Stored data
+---+

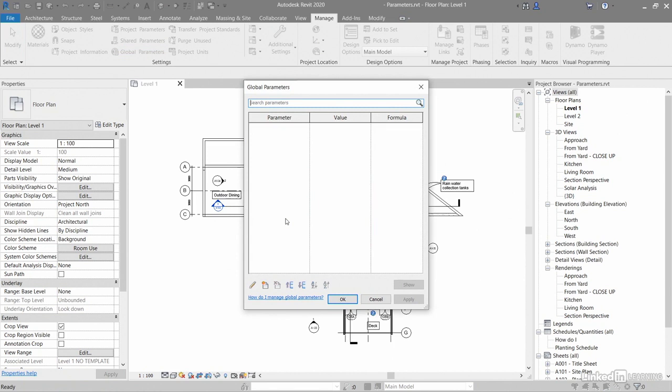Global parameters can be simple values that you might need to apply - values derived from equations, values taken from the model using other global parameters. These are sort of the parameters that you wouldn't use often, but they kind of need to be there. You might have an equation that allows you to calculate, perhaps, the slope of an angled window, for example.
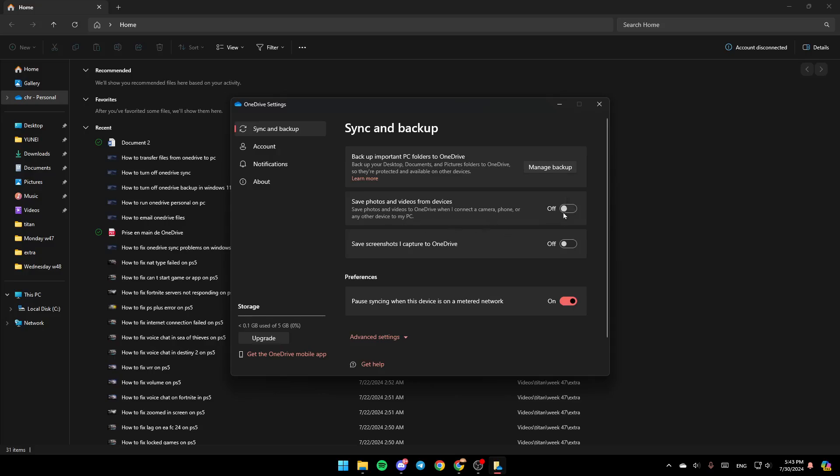You can also enable these two options: saving photos and videos from devices and saving screenshots you captured to OneDrive. So this is it for today's video. Thank you for watching. Don't forget to like, subscribe and see you in the next video.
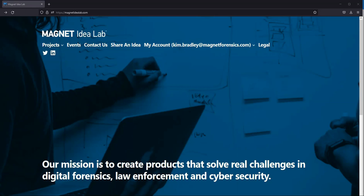Let's get started using Magnet's Hash Sets Manager. Before you can get started using the Hash Sets Manager, you'll need to join the Magnet Idea Lab.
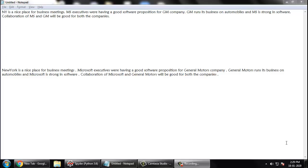Hey friends, let us try to solve one of the NLP problems that we see in our day-to-day life: the problem of abbreviations. Abbreviations means short forms. If you try to read out a sentence that is written on top of your screen, it says NY is a nice place for business meetings.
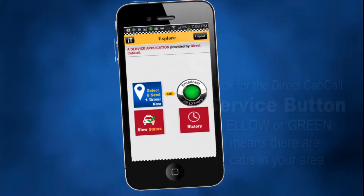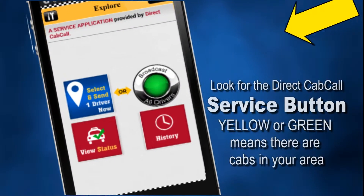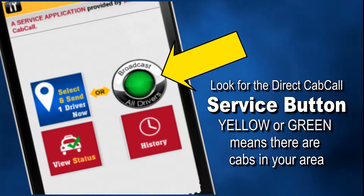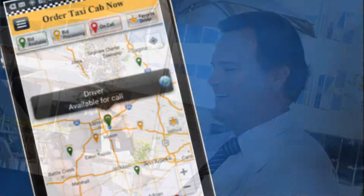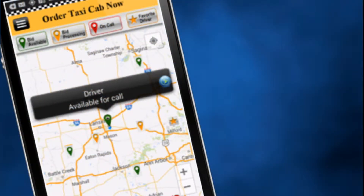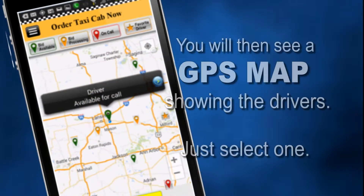It's really easy to use. Just log on. A yellow or green service button means drivers are online in your local area. Just tap the service button — that's it. You just ordered a taxi cab. Or select your driver from your map screen.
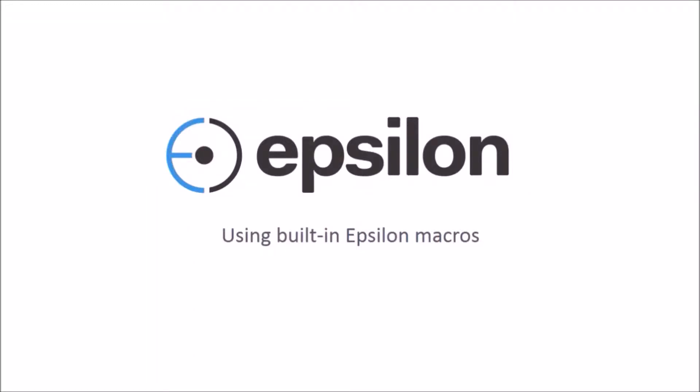In this demonstration you will learn how to use Epsilon's built-in macros in your workflow. Let's get started.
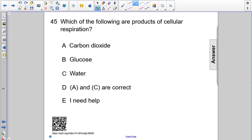Which of the following are products of cellular respiration? Carbon dioxide is what's left over after glucose is broken down, so this would be a correct answer. Glucose is the reactant of cellular respiration — that's the larger energy molecule — so this is not a correct answer.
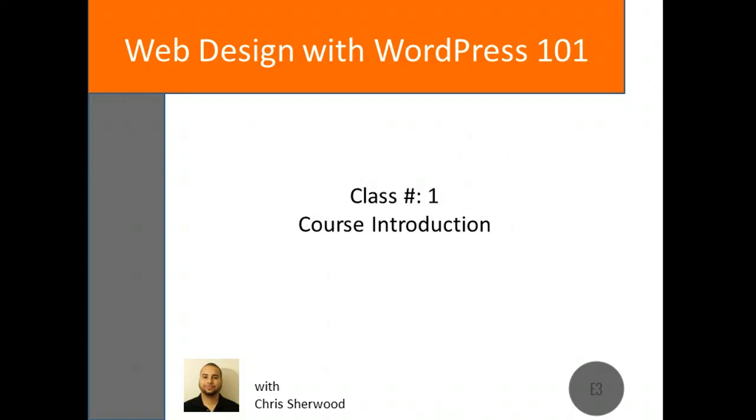I'd like to welcome you to the Web Design with WordPress 101 course. I'm here today to kick off the first class of many geared towards helping beginners create their own website using the popular open source software known as WordPress.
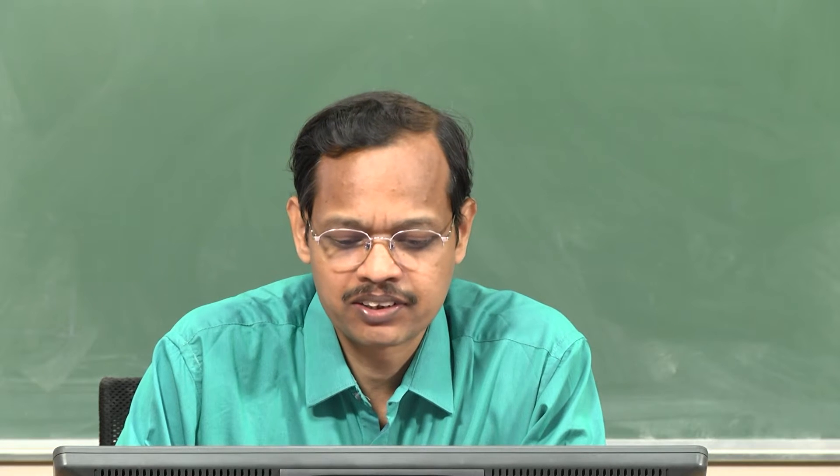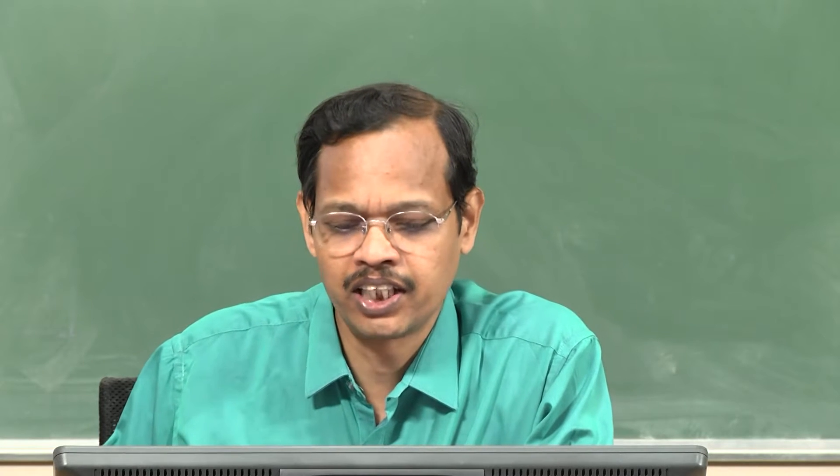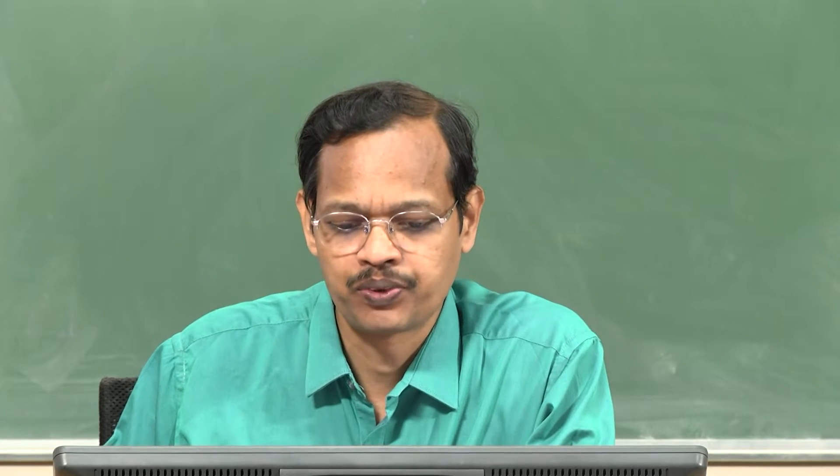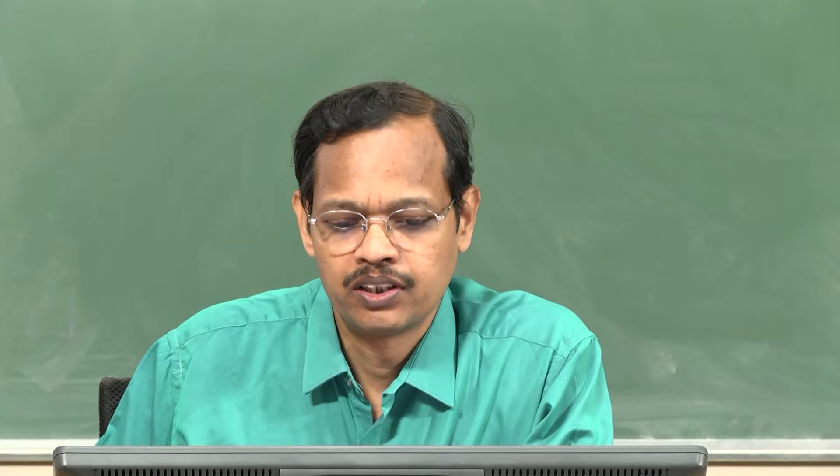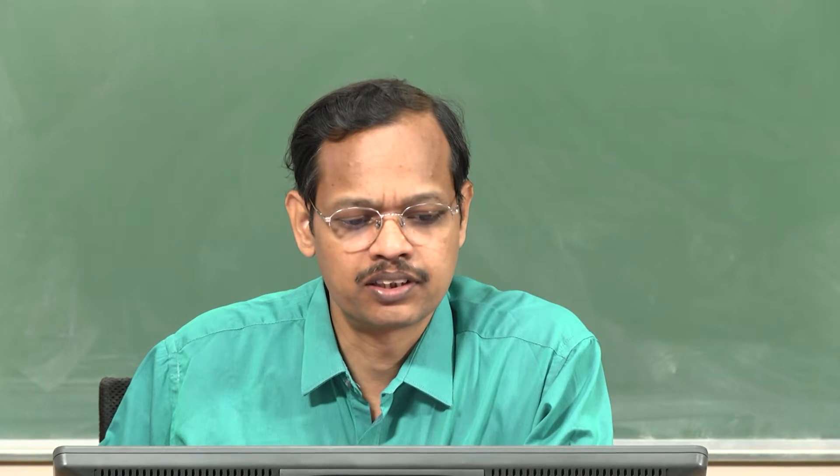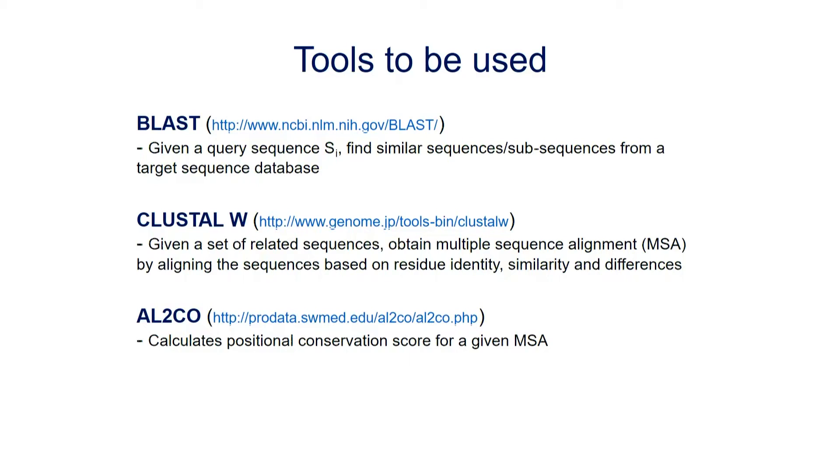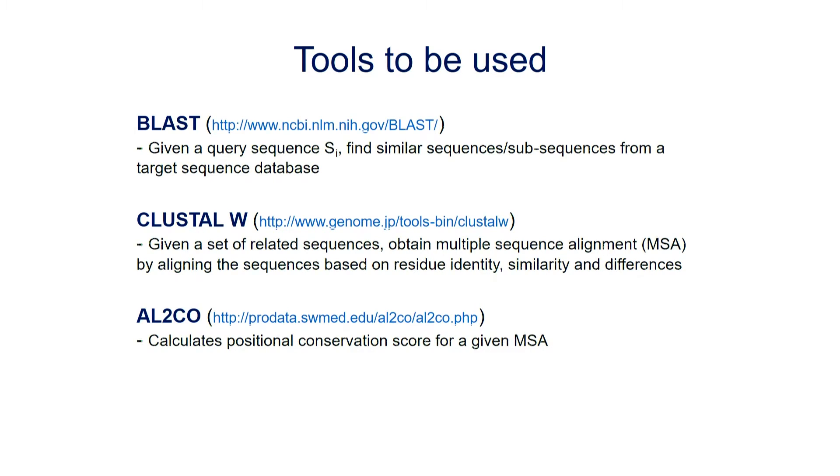Demonstration on BLAST, ClustalW and AL2CO. In this demo, we explain about three tools such as BLAST, ClustalW and AL2CO to obtain similar sequences, multiple sequence alignment, as well as the conservation score.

+---+

The full data, repeated exactly and stripped of its pictures, is the expected answer.

Global parameters can be simple values that you might need to apply - values derived from equations, values taken from the model using other global parameters. These are sort of the parameters that you wouldn't use often, but they kind of need to be there. You might have an equation that allows you to calculate, perhaps, the slope of an angled window, for example.
You can also enable these two options: saving photos and videos from devices and saving screenshots you captured to OneDrive. So this is it for today's video. Thank you for watching. Don't forget to like, subscribe and see you in the next video.
Let's get started using Magnet's Hash Sets Manager. Before you can get started using the Hash Sets Manager, you'll need to join the Magnet Idea Lab.
Hey friends, let us try to solve one of the NLP problems that we see in our day-to-day life: the problem of abbreviations. Abbreviations means short forms. If you try to read out a sentence that is written on top of your screen, it says NY is a nice place for business meetings.
It's really easy to use. Just log on. A yellow or green service button means drivers are online in your local area. Just tap the service button — that's it. You just ordered a taxi cab. Or select your driver from your map screen.
In this demonstration you will learn how to use Epsilon's built-in macros in your workflow. Let's get started.
Which of the following are products of cellular respiration? Carbon dioxide is what's left over after glucose is broken down, so this would be a correct answer. Glucose is the reactant of cellular respiration — that's the larger energy molecule — so this is not a correct answer.
I'd like to welcome you to the Web Design with WordPress 101 course. I'm here today to kick off the first class of many geared towards helping beginners create their own website using the popular open source software known as WordPress.
Demonstration on BLAST, ClustalW and AL2CO. In this demo, we explain about three tools such as BLAST, ClustalW and AL2CO to obtain similar sequences, multiple sequence alignment, as well as the conservation score.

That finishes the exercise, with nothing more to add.